(Dataset excerpts):
*** Block opens ***

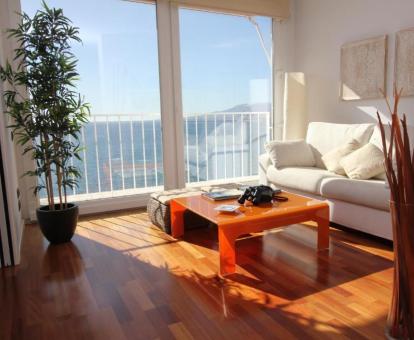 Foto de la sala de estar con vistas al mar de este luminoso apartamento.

*** Block closes ***
*** Block opens ***

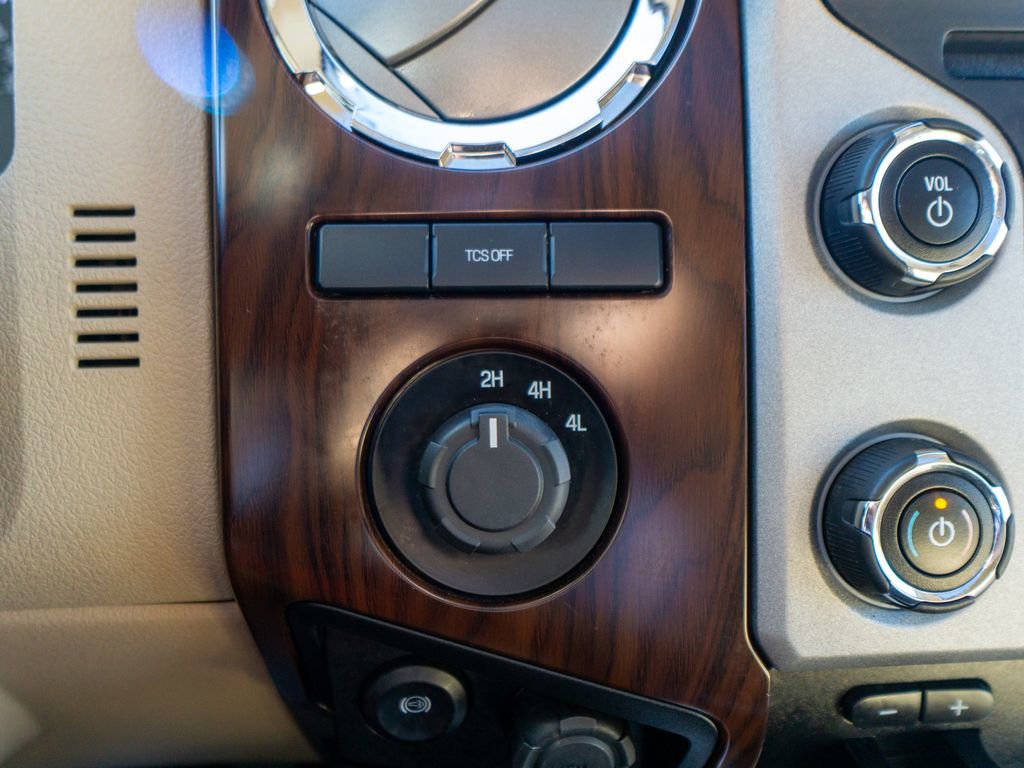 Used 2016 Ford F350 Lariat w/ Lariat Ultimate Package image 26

*** Block closes ***
*** Block opens ***

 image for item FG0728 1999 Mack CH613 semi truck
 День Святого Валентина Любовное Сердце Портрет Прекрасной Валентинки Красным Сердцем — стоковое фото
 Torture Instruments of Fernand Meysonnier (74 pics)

*** Block closes ***

(Aim of the exercise): Retype exactly the span of lines from the one with "День Святого Валентина" through the one with "Torture Instruments of"; include both ends and omit the rest of the material.

(Written solution):
 День Святого Валентина Любовное Сердце Портрет Прекрасной Валентинки Красным Сердцем — стоковое фото
 Torture Instruments of Fernand Meysonnier (74 pics)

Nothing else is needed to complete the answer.